Suzuki, David Takayoshi (1936-) is a geneticist, broadcaster, and author known for his stand on environmental issues.

Suzuki was born in Vancouver, British Columbia. After the attack on Pearl Harbor in 1941, sentiments against Japanese ran high. Even though his parents were Canadian-born, when Suzuki was 6 years old, his family, along with hundreds of other Japanese-Canadian families, was interned in a camp in the Canadian interior.

He was awarded a scholarship to Amherst College in Massachusetts, from which he received a B.A. degree in biology in 1958. He earned a Ph.D. degree in zoology from the University of Chicago in 1961. That same year he was a summer fellow at the Rocky Mountain Biological Laboratory in Crested Butte, Colorado, and from 1961 to 1962 was a research associate at Oak Ridge National Laboratory in Oak Ridge, Tennessee.

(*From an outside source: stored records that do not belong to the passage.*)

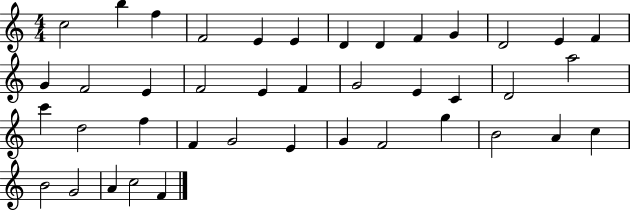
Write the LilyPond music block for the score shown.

{
  \clef treble
  \numericTimeSignature
  \time 4/4
  \key c \major
  c''2 b''4 f''4 | f'2 e'4 e'4 | d'4 d'4 f'4 g'4 | d'2 e'4 f'4 | \break g'4 f'2 e'4 | f'2 e'4 f'4 | g'2 e'4 c'4 | d'2 a''2 | \break c'''4 d''2 f''4 | f'4 g'2 e'4 | g'4 f'2 g''4 | b'2 a'4 c''4 | \break b'2 g'2 | a'4 c''2 f'4 | \bar "|."
}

In 1962, Suzuki became assistant professor of genetics at the University of Alberta in Edmonton. He joined the faculty of the University of British Columbia in Vancouver in 1963, where he was appointed professor of zoology in 1969, and is currently an associate of the Sustainable Development Research Institute there.

An interest in communications led him to agree to do three half-hour science television programs for the Canadian Broadcasting Corporation in 1969. He did several other science programs for television and radio, and in 1979 became host for a program on CBC called The Nature of Things, which became internationally syndicated.

In 1990, Suzuki and his wife, Tara Cullis, established the David Suzuki Foundation to research and publicize environmental issues.

He is the author of more than 30 books, including 15 geared toward children. He was elected an officer of the Order of Canada, a fellow of the Royal Society of Canada, and a fellow of the American Association for the Advancement of Science.